Protein programs killer T cells to migrate to tumour sites
US scientists have discovered how killer T cells ‘learn’ to migrate to sites of infections or tumours, where they amass and attack the diseased cells. Apparently, the answer lies in a protein called Runx3.
During infection or tumour growth, white blood cells called CD8+ T cells rapidly multiply within the spleen and lymph nodes and acquire the ability to kill diseased cells. Some of these killer T cells then migrate where required to vanquish the germs or cancers, amassing within specific tissues like the skin, gut and lung, or solid tumours — and scientists want to know why.
Now, researchers from The Scripps Research Institute and the University of California, San Diego have found that the Runx3 protein programs killer T cells to establish residence in tumours and infection sites. Published in the journal Nature, their work will be useful for developing cancer-fighting immunotherapy strategies.
“Runx3 works on chromosomes inside killer T cells to program genes in a way that enables the T cells to accumulate in a solid tumour,” said Matthew Pipkin, an associate professor at The Scripps Research Institute and co-author of the study.
As explained by Pipkin, there are two main strategies in cancer immunotherapy that employ killer T cells. Checkpoint inhibitor blockade unleashes killer T cells, prompting them to accumulate in tumours more aggressively. Adoptive cell transfer, meanwhile, involves reinfusing a patient’s own immune cells after they have been engineered in the lab to recognise and destroy the patient’s specific cancer.
Adoptive cell transfer has worked well in some blood cancers associated with the lymphoid system, according to Pipkin — but there appears to be less efficient activity of T cells in solid tumours. As noted by Pipkin, “The gene programs and signals for how the T cells take up residence in tissues outside of the general circulation was not really well understood.”
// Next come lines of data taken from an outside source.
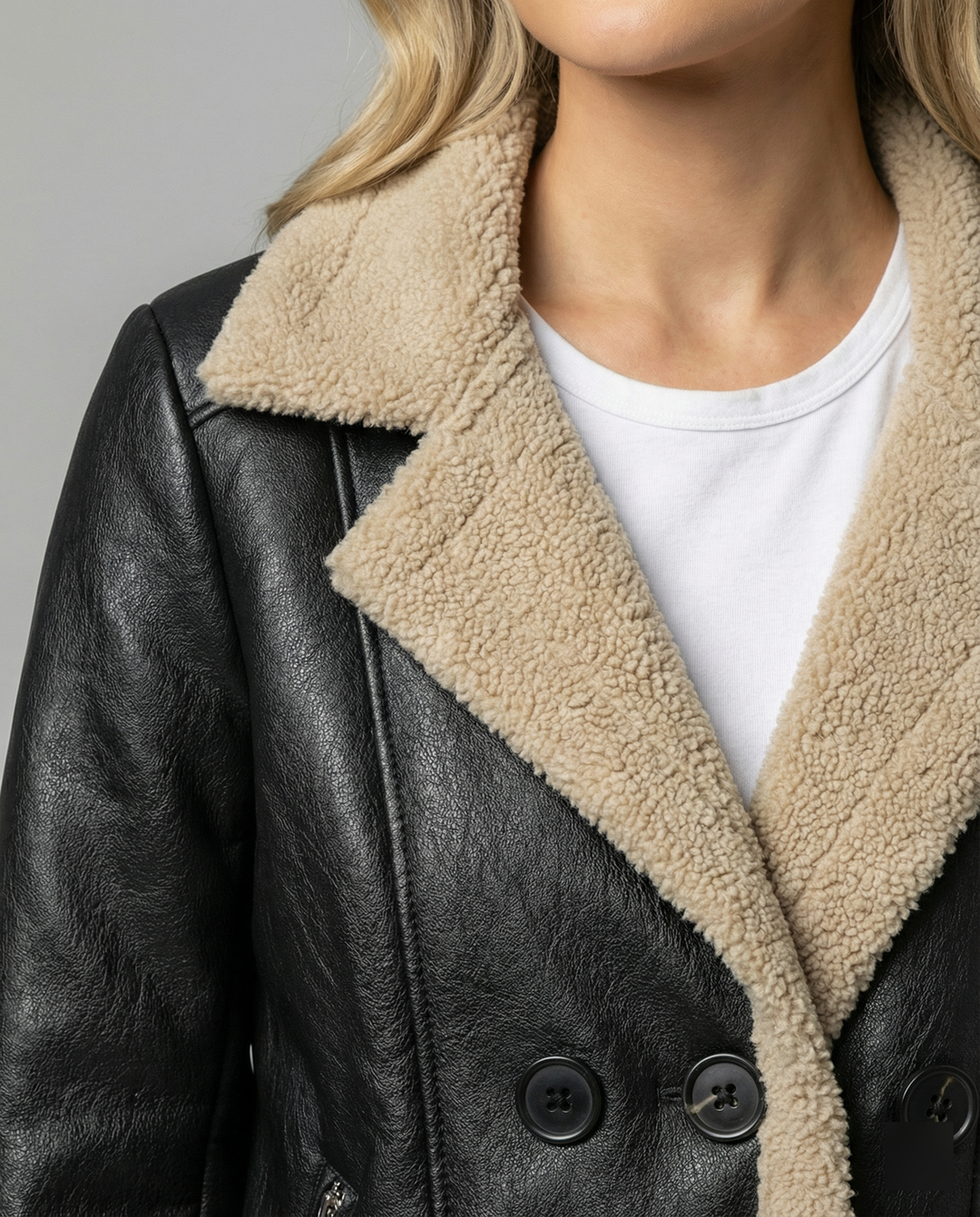 Steppjacke Damen mit warmem Kragen im Retro-Stil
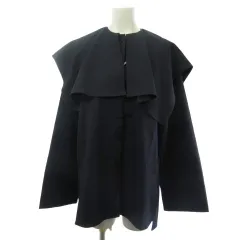 スタイルミキサー タグ付き ビッグカラーシャツ シャツ ブラウス 長袖 ネイビー 紺 F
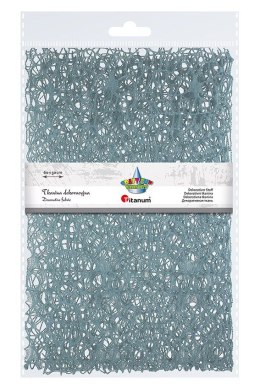 Ozdoba materiałowa Craft-Fun Series siatka koronkowa niebieska dymna Titanum (25CR0331-22) Titanum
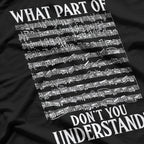 What Part Of The Music Notes You Don't Understand Musician T-Shirt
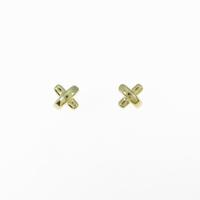 ティファニー クロスステッチ ピアス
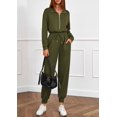 thumbnail image 3 of Mono Enterizo PRETTYGARDEN Verde Militar Talla Grande, 3 of 8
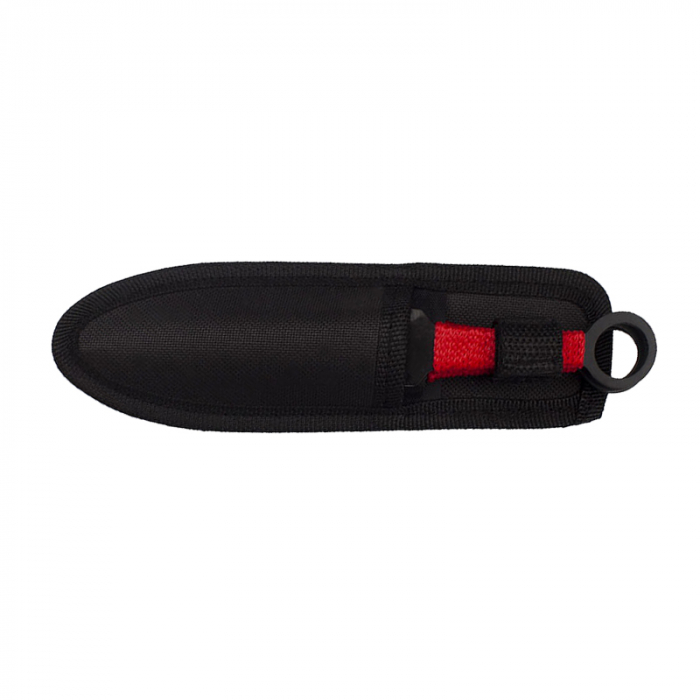Set trei cutite de aruncat IdeallStore®, Ninja Way, otel inoxidabil, negru, 17 cm, teaca inclusa [5]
To discover factors that control T cell residency beyond the lymphoid system, Pipkin’s team worked with the laboratory of UC San Diego’s Ananda Goldrath, who compared the gene expression of CD8+ T cells found in non-lymphoid tissue to those found in the general circulation. They then employed an RNA interference screening strategy which can test the actual function of thousands of potential factors simultaneously, previously developed in collaboration with the La Jolla Institute for Allergy and Immunology.
“We found a distinct pattern,” Pipkin said. “The screens showed that Runx3 is one at the top of a list of regulators essential for T cells to reside in nonlymphoid tissues.” Moreover, Runx3 was able to engage a specific gene program that is found in natural tissue-resident and tumour-infiltrating CD8+ T cells.
The group further assessed whether Runx3 had a role in directing white blood cells that attack solid tumours in mouse melanoma models. They found that adoptive cell transfer of cancer-specific killer T cells that overexpressed Runx3 delayed tumour growth and prolonged survival, while mouse models treated with those lacking Runx3 fared much worse than normal.
“If we enhance Runx3 activity in the cells, the tumours are significantly smaller and there is greater survival compared to the control group,” Pipkin said.
Knowing that modulating Runx3 activity in T cells influences their ability to reside in solid tumours opens new opportunities for improving cancer immunotherapy, according to Pipkin. “The upshot is we could probably use Runx3 to reprogram adoptively transferred cells to help drive them to amass in solid tumours,” he said.